# Who's responsible?



## UBC03 (Nov 18, 2015)

As yunz guys know my freezer s#it to bed and I came home from vacation to what I'm guessing is what Dahmer's house smelled like in July. 

I came home today to a big ass box of meat on my porch with a note that said now you need a new freezer... lol

I know it wasn't my friends(don't have any that can afford a pack of hotdogs). I know it wasn't my family(they don't like me that much).. 

Sooooo, that leaves yunz guys.. WHO DID IT? 

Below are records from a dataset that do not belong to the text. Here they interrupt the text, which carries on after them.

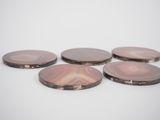 six pink agate coasters sitting on top of a white surface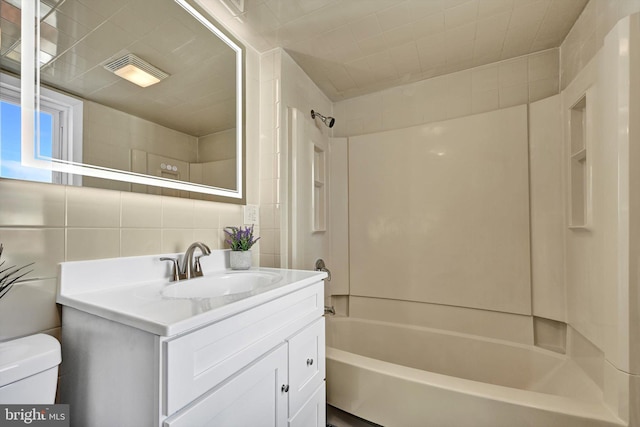 full bathroom featuring toilet,  shower combination, tile walls, vanity, and backsplash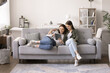 © fizkes - Mother and teen daughter making order, buying on-line, enjoy marketplace web sites for easy remote shopping using digital tablet device relaxing on sofa at home. Modern technology, leisure, e-shopping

Just wanna thank whoever it was.. it was a really thoughtful gift.. and coincidentally I have a freezer getting delivered today. 

Sent from my SM-G960U using Tapatalk


----------



## zcziggy (Apr 11, 2019)

damn...that is nice!!!!
(wasn't me...otherwise you would have gator tail)


----------



## Olecharlie (Oct 28, 2017)

Me either, I was planning on sending you some possums when you get that freezer ready! 


Sent from my iPhone using Tapatalk


----------



## Humphrey's Ghost (Dec 27, 2016)

zcziggy said:


> damn...that is nice!!!!
> (wasn't me...otherwise you would have gator tail)


Had gator on pizza once
It was… interesting


Sent from my iPhone using Tapatalk


----------



## MattyIce (Jun 5, 2018)

Wow thats pretty awesome! Whoever it was good job!


----------



## zcziggy (Apr 11, 2019)

Humphrey's Ghost said:


> Had gator on pizza once
> It was… interesting
> 
> 
> Sent from my iPhone using Tapatalk


never tried that...ate gator bites and fried bread thought when invited to seminole camps in the everglades...good stuff.


----------



## OneStrangeOne (Sep 10, 2016)

Awesome! Someone thinks outside the box!


----------



## TxColt (Feb 3, 2018)

First time I have heard of a meat bomb. Couldn't have happened to a nicer guy! Whoever pulled this one off, my hat is off to you sir!


----------



## Humphrey's Ghost (Dec 27, 2016)

Awesome
Couldn’t happen to a more deserving Brother
We are going to need grillin’ pics


Sent from my iPhone using Tapatalk


----------



## CgarDann (Aug 4, 2019)

Who ever came up with this. Awesome job 


Sent from my iPhone using Tapatalk


----------



## Bipolar (Jun 23, 2021)

That’s awesome!


----------



## lex61 (Nov 18, 2016)

Awesome job by someone!


----------



## mpomario (Dec 27, 2016)

Hah! Greatness.


Sent from my iPhone using Tapatalk


----------



## Rondo (Sep 9, 2015)

I’m pretty sure this isn’t Dino’s first meat bomb.


----------



## UBC03 (Nov 18, 2015)

Rondo said:


> I’m pretty sure this isn’t Dino’s first meat bomb.


...









Sent from my SM-G960U using Tapatalk


----------



## zcziggy (Apr 11, 2019)




----------



## zcziggy (Apr 11, 2019)

wait...where are the pictures???? damn Dino...get with the program


----------



## TonyBrooklyn (Jan 28, 2010)

Rondo said:


> I’m pretty sure this isn’t Dino’s first meat bomb.


----------



## UBC03 (Nov 18, 2015)

zcziggy said:


> wait...where are the pictures???? damn Dino...get with the program


Grilled up a couple of the steaks today from my "meat bomb"....

Zig, I'll send you the "after" pics in the morning









Sent from my SM-G960U using Tapatalk


----------



## zcziggy (Apr 11, 2019)

UBC03 said:


> Grilled up a couple of the steaks today from my "meat bomb"....
> 
> Zig, I'll send you the "after" pics in the morning
> 
> ...


Glad to know you finally got Metamucil to work for you....


----------



## UBC03 (Nov 18, 2015)

zcziggy said:


> Glad to know you finally got Metamucil to work for you....


DAMMIT.. I hate losing, but I got nothin.. 

You got me this time Zig.. hat's off brother. I ain't easy to shut up.. but you got me.. lol

Sent from my SM-G960U using Tapatalk


----------



## zcziggy (Apr 11, 2019)




----------